### Task details
Wherever a line holds the word "King", copy that line from the data.

(Caption-style text data)
[Start of section]
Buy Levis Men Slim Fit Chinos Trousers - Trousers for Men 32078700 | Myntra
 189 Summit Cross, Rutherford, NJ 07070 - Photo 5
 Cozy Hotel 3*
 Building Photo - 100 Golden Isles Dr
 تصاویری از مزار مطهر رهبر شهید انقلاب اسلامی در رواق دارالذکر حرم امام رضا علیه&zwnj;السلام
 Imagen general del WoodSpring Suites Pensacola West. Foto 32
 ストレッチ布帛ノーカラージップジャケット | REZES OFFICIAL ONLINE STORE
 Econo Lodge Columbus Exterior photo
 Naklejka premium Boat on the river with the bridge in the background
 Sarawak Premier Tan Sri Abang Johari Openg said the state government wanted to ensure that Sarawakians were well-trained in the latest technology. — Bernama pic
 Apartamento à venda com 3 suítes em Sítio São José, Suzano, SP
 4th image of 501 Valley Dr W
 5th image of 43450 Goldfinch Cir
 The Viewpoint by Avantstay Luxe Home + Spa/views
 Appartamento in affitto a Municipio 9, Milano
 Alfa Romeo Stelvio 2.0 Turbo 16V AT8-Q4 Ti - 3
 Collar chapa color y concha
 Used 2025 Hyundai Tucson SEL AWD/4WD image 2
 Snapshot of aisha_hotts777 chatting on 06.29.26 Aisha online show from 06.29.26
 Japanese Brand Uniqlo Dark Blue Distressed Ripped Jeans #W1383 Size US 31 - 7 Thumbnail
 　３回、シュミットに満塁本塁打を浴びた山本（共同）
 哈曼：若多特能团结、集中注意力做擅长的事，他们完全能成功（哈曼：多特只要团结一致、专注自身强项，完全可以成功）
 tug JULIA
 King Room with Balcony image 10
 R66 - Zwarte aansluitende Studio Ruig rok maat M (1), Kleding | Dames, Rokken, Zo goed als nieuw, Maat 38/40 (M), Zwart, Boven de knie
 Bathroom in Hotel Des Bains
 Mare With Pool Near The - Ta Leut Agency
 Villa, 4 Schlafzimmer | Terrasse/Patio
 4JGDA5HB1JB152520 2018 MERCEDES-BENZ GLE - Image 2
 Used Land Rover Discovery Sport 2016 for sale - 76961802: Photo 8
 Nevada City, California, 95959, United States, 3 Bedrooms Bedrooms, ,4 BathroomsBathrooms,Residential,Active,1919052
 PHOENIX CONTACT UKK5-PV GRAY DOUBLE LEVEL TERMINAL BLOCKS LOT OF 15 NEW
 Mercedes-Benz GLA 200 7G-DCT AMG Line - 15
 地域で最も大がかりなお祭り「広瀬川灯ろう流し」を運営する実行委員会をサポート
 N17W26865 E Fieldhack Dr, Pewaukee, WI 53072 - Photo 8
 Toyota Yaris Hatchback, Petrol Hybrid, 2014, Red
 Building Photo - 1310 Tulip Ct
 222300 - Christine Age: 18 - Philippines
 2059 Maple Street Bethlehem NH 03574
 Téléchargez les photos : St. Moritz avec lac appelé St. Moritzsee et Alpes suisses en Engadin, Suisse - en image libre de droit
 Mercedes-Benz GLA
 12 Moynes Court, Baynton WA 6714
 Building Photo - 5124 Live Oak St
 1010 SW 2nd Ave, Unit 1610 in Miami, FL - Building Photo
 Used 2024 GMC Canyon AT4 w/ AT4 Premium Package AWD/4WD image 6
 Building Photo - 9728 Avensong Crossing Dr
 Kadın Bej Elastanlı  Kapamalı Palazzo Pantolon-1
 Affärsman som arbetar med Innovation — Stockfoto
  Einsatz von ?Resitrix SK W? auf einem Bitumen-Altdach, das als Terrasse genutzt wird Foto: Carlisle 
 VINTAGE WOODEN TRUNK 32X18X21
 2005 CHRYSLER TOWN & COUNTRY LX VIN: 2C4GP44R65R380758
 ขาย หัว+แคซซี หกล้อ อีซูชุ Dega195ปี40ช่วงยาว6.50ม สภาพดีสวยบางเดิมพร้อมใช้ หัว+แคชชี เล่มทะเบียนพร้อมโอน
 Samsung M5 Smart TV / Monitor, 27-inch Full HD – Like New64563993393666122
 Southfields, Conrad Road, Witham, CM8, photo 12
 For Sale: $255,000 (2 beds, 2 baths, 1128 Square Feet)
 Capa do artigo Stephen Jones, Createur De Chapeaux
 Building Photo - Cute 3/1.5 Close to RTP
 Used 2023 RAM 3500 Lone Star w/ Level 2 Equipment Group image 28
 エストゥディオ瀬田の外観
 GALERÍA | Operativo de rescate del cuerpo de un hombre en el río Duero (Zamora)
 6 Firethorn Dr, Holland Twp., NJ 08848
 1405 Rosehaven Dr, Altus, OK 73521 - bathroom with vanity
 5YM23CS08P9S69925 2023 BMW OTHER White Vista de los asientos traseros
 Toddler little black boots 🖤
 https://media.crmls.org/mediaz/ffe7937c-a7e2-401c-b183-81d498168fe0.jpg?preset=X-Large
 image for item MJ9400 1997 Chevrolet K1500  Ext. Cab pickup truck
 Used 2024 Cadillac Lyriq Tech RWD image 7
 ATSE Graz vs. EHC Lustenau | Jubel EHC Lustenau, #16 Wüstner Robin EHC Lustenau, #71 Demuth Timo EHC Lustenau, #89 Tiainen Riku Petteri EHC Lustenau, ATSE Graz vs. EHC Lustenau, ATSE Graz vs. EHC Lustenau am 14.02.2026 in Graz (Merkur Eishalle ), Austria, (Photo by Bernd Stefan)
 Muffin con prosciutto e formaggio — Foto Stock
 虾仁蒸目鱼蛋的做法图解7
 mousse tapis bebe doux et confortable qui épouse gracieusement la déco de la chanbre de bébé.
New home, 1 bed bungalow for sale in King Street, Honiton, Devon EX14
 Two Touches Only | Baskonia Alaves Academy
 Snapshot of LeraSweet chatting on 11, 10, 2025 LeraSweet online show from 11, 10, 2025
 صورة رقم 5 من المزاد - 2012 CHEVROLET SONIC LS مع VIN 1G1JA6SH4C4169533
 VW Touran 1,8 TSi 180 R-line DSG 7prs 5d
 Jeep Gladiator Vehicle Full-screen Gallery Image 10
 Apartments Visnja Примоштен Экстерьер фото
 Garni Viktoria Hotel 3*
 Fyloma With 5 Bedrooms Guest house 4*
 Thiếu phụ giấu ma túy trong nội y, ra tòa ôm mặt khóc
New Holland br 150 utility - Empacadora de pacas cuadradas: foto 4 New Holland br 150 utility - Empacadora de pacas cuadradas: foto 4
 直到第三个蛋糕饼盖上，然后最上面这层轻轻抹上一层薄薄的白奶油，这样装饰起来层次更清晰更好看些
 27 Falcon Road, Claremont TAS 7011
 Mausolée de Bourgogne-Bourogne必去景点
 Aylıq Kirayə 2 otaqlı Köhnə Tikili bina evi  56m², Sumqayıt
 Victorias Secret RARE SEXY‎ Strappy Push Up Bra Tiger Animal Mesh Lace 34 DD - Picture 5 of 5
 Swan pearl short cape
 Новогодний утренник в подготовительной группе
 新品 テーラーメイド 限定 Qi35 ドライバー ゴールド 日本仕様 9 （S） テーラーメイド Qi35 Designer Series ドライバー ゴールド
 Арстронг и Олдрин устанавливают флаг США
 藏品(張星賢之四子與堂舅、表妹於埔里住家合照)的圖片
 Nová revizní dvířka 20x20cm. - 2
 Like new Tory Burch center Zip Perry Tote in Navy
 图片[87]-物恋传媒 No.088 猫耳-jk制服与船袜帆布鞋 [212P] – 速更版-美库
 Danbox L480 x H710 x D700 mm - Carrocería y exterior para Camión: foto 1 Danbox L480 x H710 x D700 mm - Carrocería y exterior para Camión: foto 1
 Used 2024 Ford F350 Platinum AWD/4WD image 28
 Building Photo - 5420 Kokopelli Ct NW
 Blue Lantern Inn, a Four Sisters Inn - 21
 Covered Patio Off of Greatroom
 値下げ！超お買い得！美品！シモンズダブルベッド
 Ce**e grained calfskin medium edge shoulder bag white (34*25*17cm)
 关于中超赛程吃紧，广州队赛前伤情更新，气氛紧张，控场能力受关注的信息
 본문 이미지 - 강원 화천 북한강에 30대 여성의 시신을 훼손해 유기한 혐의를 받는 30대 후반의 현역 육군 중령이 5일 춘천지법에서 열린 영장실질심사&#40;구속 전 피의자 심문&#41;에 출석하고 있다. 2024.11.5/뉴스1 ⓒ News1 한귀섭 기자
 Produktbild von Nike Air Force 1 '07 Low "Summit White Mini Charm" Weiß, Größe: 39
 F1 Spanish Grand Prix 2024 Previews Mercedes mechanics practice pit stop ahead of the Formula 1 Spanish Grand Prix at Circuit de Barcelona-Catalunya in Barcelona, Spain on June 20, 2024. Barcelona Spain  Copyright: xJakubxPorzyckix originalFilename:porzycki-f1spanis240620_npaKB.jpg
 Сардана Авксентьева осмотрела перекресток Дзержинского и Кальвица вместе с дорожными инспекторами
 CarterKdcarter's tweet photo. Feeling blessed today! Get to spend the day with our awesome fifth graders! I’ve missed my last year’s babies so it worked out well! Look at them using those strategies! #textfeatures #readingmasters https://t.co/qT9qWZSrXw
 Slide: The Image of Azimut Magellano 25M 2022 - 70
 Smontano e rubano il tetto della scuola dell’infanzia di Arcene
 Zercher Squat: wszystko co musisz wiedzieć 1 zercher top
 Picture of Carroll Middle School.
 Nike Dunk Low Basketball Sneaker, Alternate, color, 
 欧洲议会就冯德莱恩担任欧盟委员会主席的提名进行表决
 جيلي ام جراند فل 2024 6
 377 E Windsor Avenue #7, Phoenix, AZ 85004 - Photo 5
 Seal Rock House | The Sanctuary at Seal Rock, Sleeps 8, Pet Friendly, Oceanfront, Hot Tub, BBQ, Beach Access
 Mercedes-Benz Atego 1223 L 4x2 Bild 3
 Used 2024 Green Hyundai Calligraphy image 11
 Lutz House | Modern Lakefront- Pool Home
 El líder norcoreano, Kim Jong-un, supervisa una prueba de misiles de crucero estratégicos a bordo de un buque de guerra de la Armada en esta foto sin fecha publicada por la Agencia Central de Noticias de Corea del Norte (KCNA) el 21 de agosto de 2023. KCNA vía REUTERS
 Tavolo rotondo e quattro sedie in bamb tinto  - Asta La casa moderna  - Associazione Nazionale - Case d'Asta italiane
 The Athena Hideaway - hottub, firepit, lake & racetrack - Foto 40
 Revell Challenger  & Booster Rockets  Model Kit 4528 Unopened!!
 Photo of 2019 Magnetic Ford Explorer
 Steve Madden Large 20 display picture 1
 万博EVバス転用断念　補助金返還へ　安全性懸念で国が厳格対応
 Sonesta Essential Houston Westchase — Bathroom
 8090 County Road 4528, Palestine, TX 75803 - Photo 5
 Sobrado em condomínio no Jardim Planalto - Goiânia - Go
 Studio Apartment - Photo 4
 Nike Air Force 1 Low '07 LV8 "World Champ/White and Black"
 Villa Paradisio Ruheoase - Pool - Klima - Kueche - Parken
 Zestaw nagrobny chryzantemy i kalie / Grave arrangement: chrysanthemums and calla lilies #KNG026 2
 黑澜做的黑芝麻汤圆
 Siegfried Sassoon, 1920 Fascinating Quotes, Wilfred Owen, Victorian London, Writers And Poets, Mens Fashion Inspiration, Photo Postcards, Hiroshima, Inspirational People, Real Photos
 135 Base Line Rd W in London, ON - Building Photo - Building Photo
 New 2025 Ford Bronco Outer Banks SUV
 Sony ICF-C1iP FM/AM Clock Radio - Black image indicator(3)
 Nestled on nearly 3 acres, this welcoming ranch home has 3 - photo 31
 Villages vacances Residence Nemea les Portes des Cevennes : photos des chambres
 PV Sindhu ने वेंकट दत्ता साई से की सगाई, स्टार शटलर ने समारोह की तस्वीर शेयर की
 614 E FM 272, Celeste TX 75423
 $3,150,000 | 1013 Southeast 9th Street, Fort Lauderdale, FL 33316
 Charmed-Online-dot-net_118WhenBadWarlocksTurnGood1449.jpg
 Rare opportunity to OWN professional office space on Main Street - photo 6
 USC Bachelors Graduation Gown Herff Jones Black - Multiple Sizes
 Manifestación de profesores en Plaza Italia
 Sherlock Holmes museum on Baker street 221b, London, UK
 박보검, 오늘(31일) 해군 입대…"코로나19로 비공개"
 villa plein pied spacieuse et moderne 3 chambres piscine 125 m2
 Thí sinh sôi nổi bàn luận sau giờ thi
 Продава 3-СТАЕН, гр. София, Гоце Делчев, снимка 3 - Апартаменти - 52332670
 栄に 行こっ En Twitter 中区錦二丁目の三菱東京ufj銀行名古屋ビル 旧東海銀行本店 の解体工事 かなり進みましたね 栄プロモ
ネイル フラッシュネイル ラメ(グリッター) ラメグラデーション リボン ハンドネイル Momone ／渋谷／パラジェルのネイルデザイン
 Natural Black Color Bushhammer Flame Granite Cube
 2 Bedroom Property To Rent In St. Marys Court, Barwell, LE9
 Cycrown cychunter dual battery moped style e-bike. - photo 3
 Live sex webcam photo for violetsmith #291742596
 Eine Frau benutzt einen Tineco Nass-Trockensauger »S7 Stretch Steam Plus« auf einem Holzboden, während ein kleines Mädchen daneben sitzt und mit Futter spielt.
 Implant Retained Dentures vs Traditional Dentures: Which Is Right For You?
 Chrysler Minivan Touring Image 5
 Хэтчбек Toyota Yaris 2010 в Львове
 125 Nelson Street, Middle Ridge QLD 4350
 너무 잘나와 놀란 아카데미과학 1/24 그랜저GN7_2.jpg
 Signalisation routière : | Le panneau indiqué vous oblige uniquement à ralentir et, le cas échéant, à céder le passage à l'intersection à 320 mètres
[End of section]
### Written solution
 King Room with Balcony image 10
New home, 1 bed bungalow for sale in King Street, Honiton, Devon EX14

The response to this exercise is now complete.